# [WORK REQUIRED]
Make the copy match the entries below exactly, with no pictures carried over.

# [RECORDS SUPPLIED]
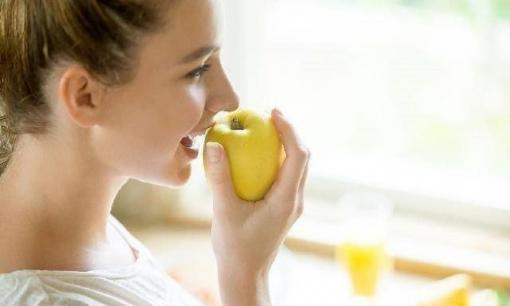 Phụ nữ nếu ăn quả này lúc đói vào mỗi buổi sáng thì có thể hết tàn nhang, ích khí, bổ huyết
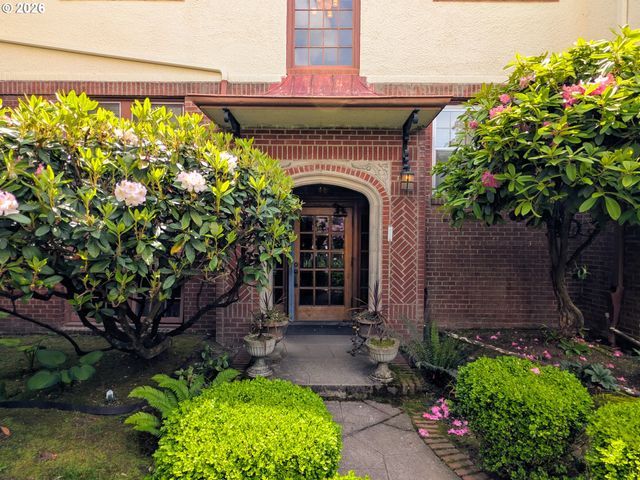 1526 Ne 24TH Ave 205, Portland, OR 97232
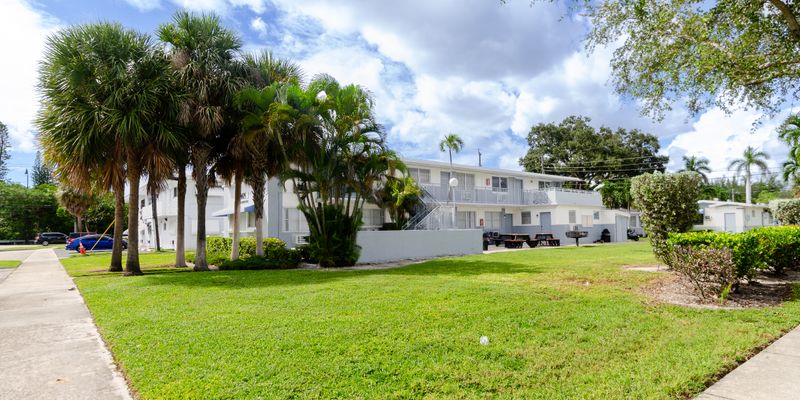 North Miami Apartment: 1605 NE 126th St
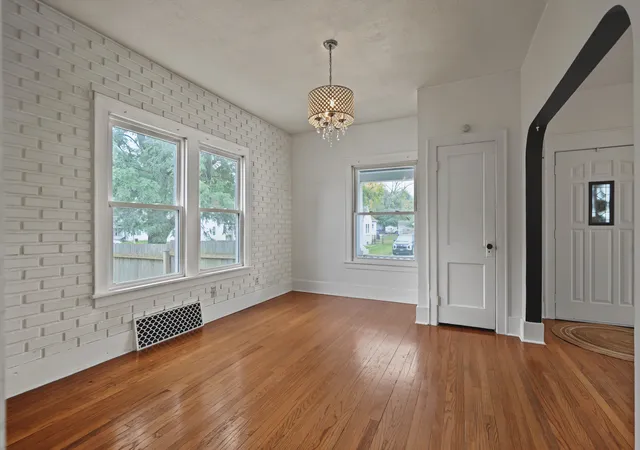 Photo 4 of Single family home for sale at 1554 W High St, Davenport, IA 52804 | MLS# 12786005 | Listing updated on 2026-10-21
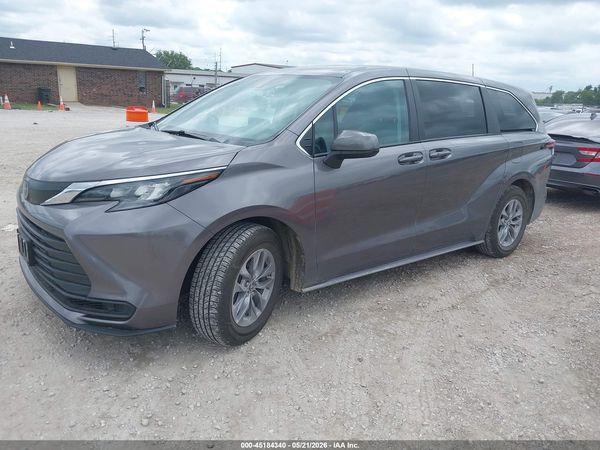 2024 TOYOTA SIENNA LE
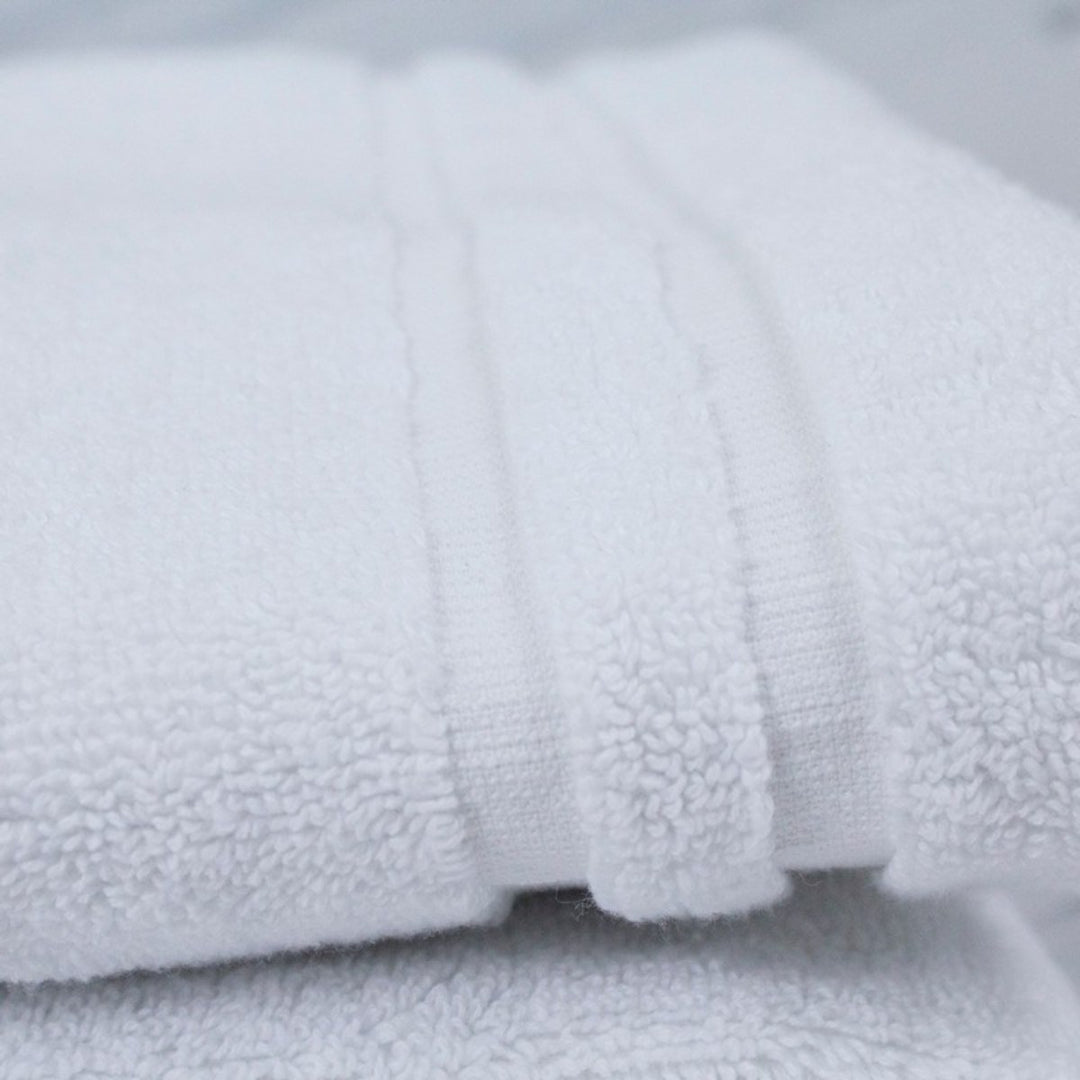 Toalla blanca 500 gramos para hotel en algodón peinado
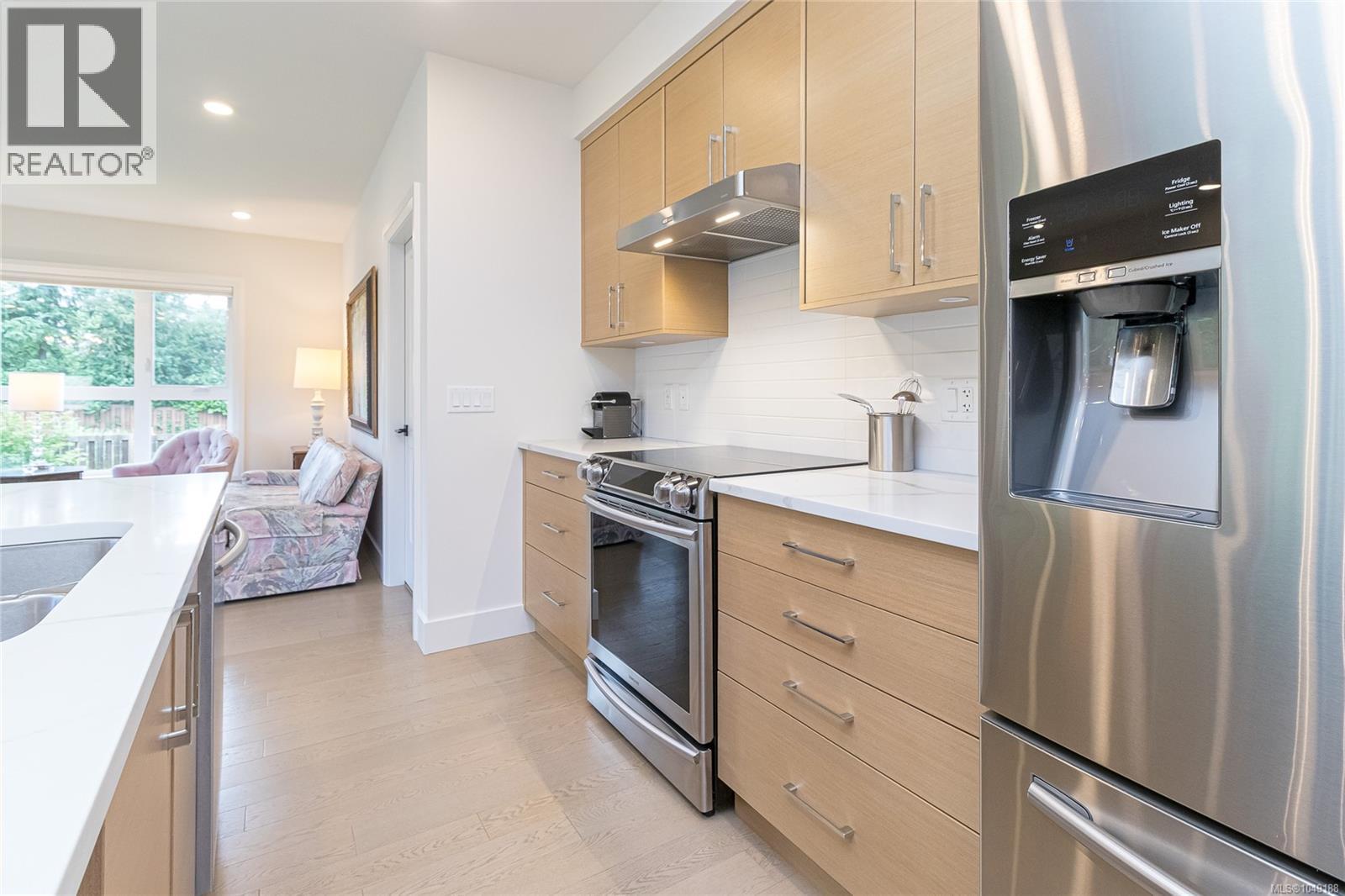109 741 Travino Lane, Saanich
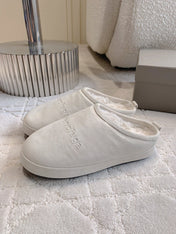 ALASKA SLIPPER IN WHITE SUEDE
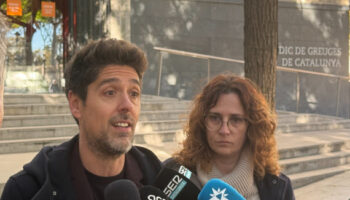 Els Comuns porten a la Síndica de Greuges l’ordenança de Martorell que prohibeix recollir aigua de les fonts públiques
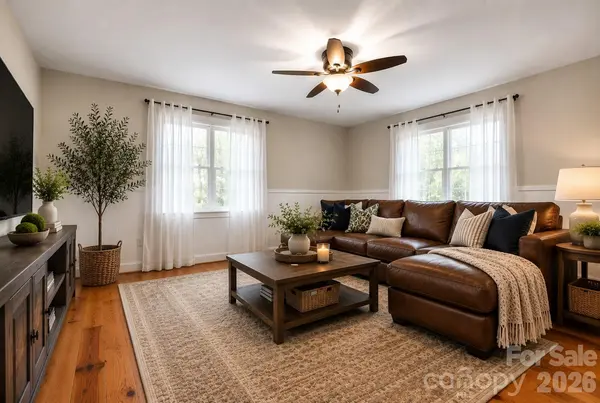 131 Fox Runn DR, Granite Falls, NC 28630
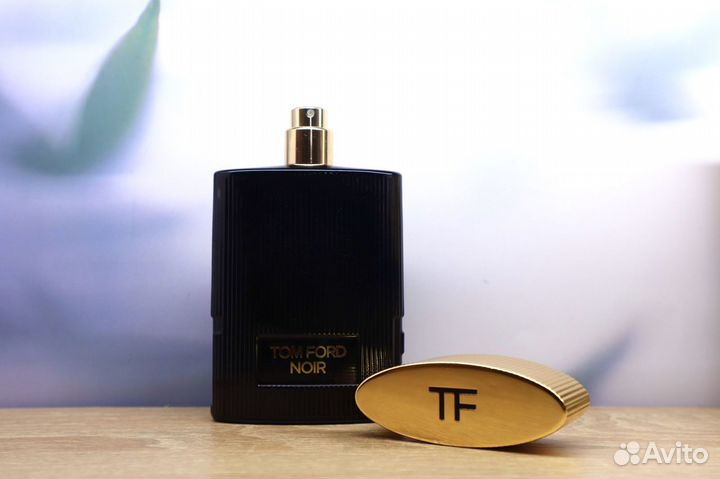 Noir Pour Femme Tom Ford распив парфюма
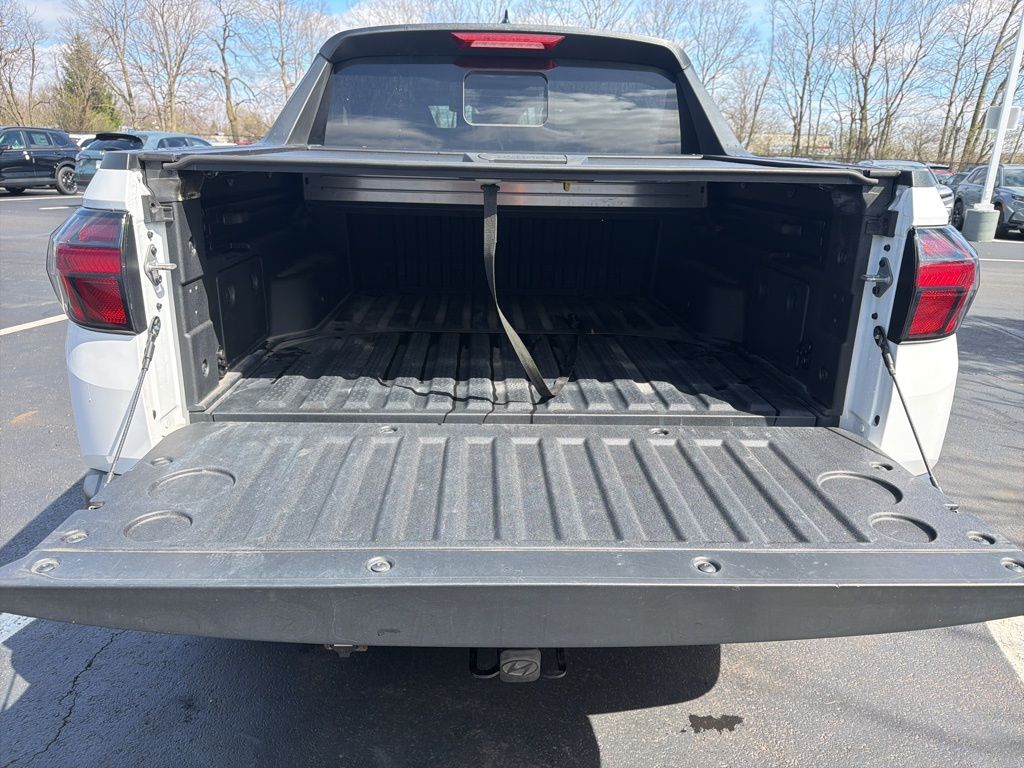 Thumbnail: 2023 Hyundai Santa Cruz - 21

# [COMPLETED TASK]
 Phụ nữ nếu ăn quả này lúc đói vào mỗi buổi sáng thì có thể hết tàn nhang, ích khí, bổ huyết
 1526 Ne 24TH Ave 205, Portland, OR 97232
 North Miami Apartment: 1605 NE 126th St
 Photo 4 of Single family home for sale at 1554 W High St, Davenport, IA 52804 | MLS# 12786005 | Listing updated on 2026-10-21
 2024 TOYOTA SIENNA LE
 Toalla blanca 500 gramos para hotel en algodón peinado
109 741 Travino Lane, Saanich
 ALASKA SLIPPER IN WHITE SUEDE
 Els Comuns porten a la Síndica de Greuges l’ordenança de Martorell que prohibeix recollir aigua de les fonts públiques
 131 Fox Runn DR, Granite Falls, NC 28630
 Noir Pour Femme Tom Ford распив парфюма
 Thumbnail: 2023 Hyundai Santa Cruz - 21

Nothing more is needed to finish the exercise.